- [Aim of the exercise] Look in the listing below for the line that has "5TDKZ3DC9JS964809 2018 TOYOTA SIENNA", then return it and each following line up to and including the one with "Comment MerciYanis et", exactly and without pictures.

- [Record extracts]
------------------------------------

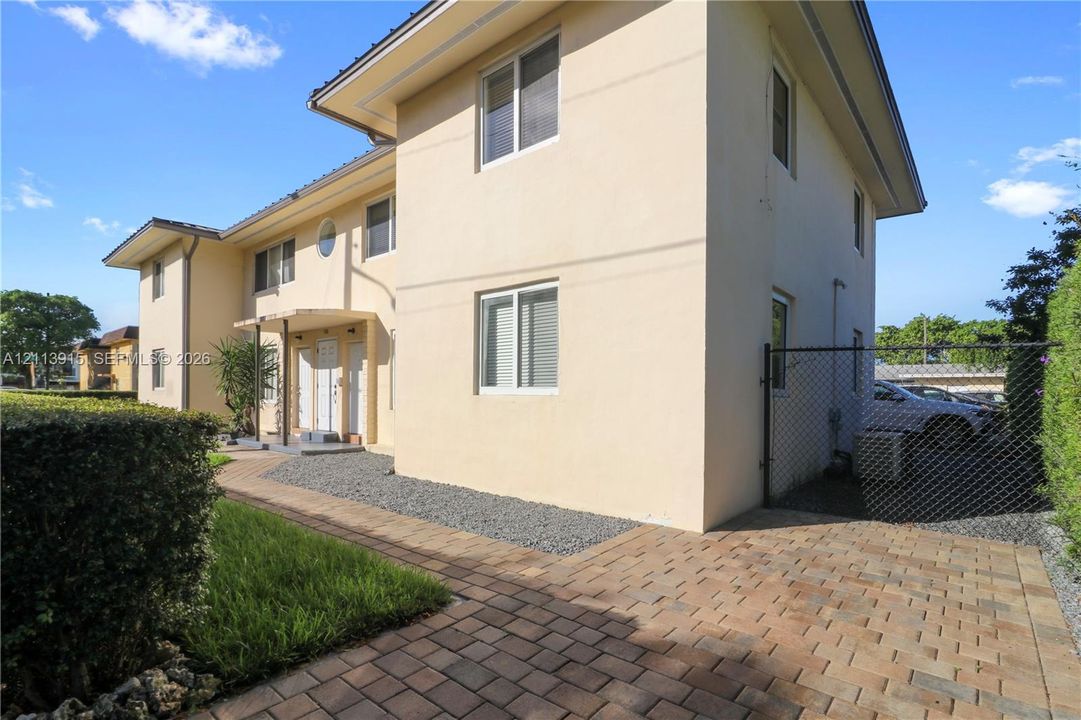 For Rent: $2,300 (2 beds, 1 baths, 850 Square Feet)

------------------------------------

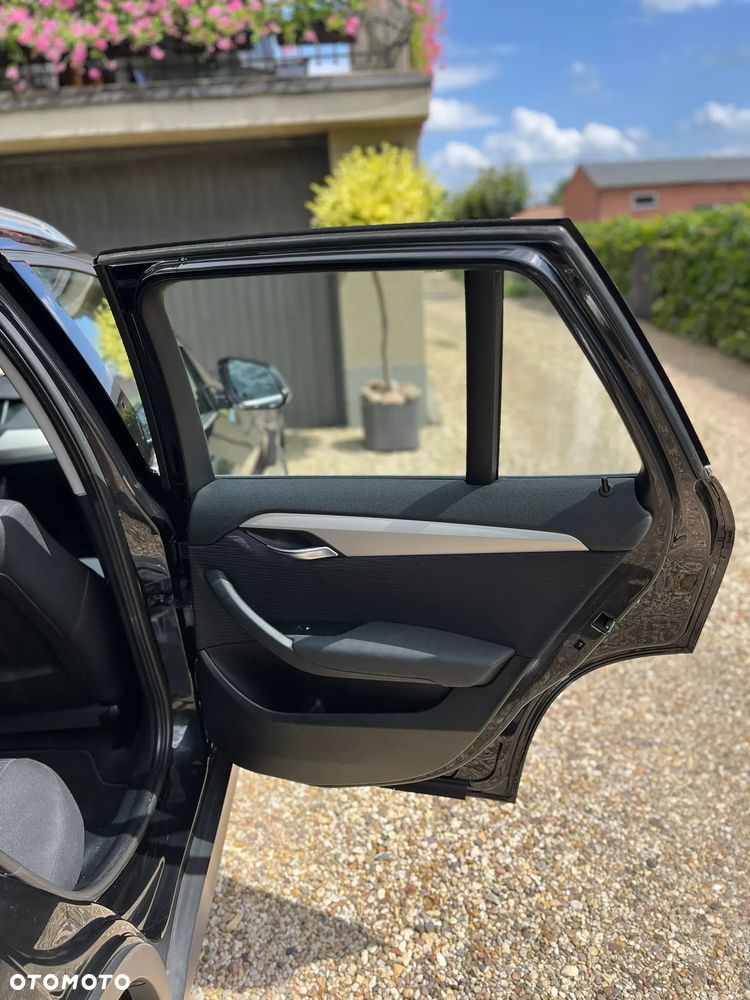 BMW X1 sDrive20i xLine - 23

------------------------------------

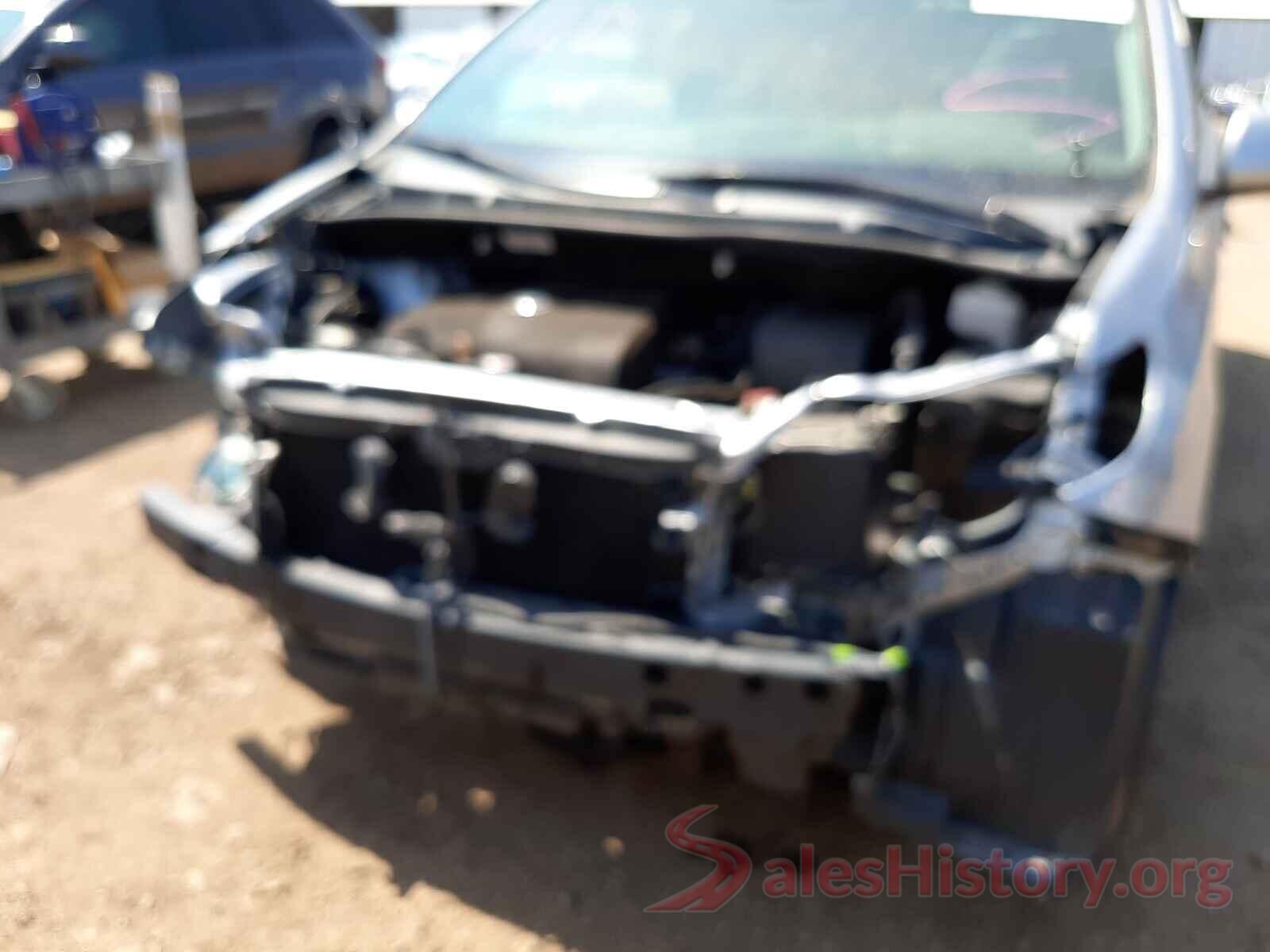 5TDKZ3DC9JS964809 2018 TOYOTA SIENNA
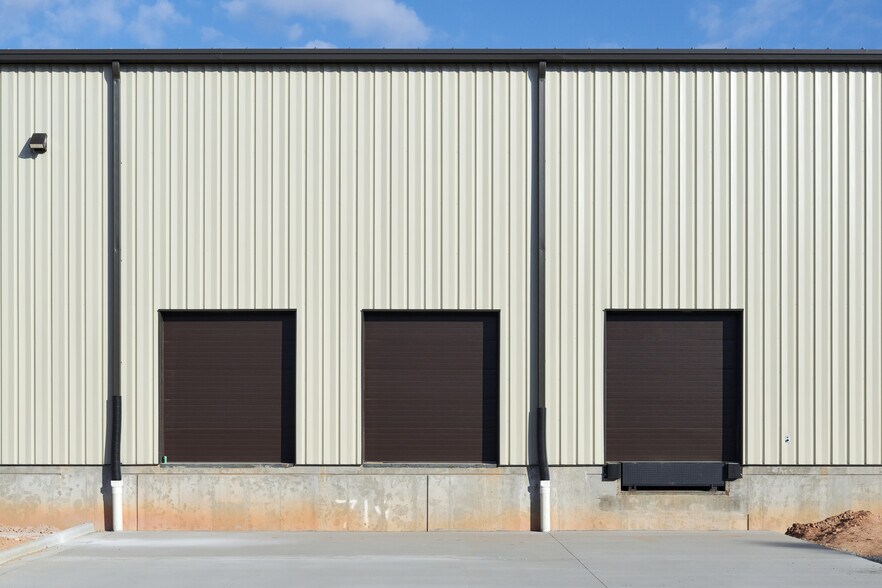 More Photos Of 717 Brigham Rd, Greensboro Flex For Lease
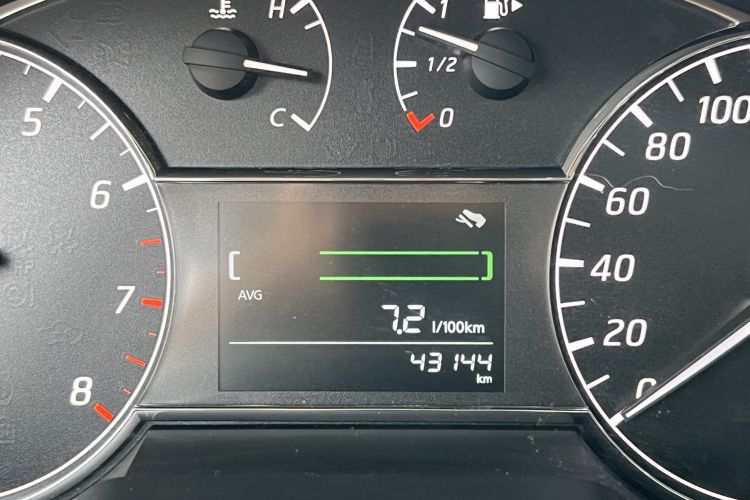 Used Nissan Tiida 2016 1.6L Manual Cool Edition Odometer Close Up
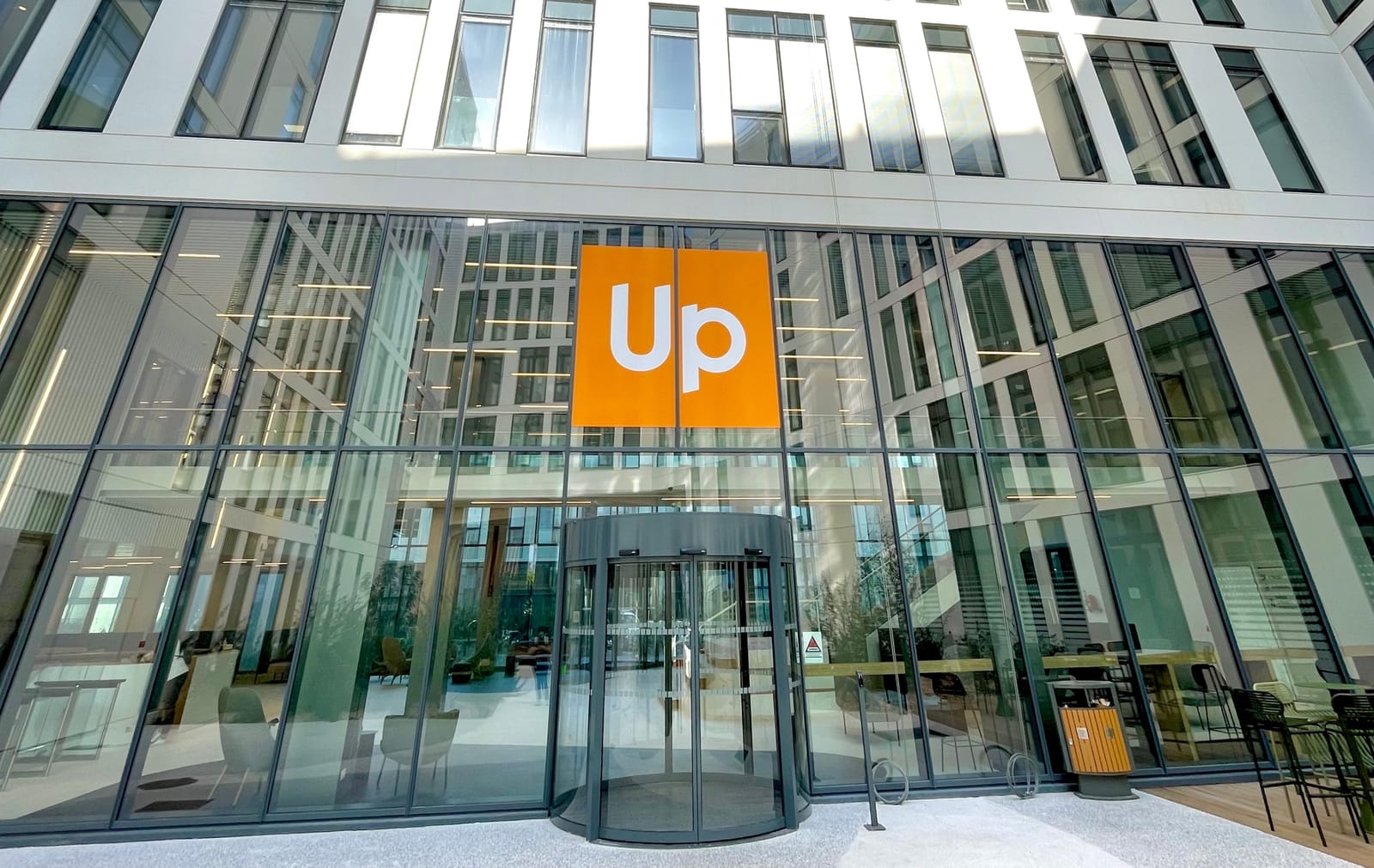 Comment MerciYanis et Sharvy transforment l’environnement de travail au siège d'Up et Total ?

------------------------------------

- [Solution]
 5TDKZ3DC9JS964809 2018 TOYOTA SIENNA
 More Photos Of 717 Brigham Rd, Greensboro Flex For Lease
 Used Nissan Tiida 2016 1.6L Manual Cool Edition Odometer Close Up
 Comment MerciYanis et Sharvy transforment l’environnement de travail au siège d'Up et Total ?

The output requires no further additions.